The full listing below must be printed exactly, word for word.
********************
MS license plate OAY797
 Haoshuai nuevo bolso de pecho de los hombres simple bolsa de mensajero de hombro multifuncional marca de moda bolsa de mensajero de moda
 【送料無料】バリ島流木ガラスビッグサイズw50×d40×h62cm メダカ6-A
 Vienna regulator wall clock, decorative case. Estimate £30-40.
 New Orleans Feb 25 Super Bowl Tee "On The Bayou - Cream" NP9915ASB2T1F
********************
- _REPLY_:
MS license plate OAY797
 Haoshuai nuevo bolso de pecho de los hombres simple bolsa de mensajero de hombro multifuncional marca de moda bolsa de mensajero de moda
 【送料無料】バリ島流木ガラスビッグサイズw50×d40×h62cm メダカ6-A
 Vienna regulator wall clock, decorative case. Estimate £30-40.
 New Orleans Feb 25 Super Bowl Tee "On The Bayou - Cream" NP9915ASB2T1F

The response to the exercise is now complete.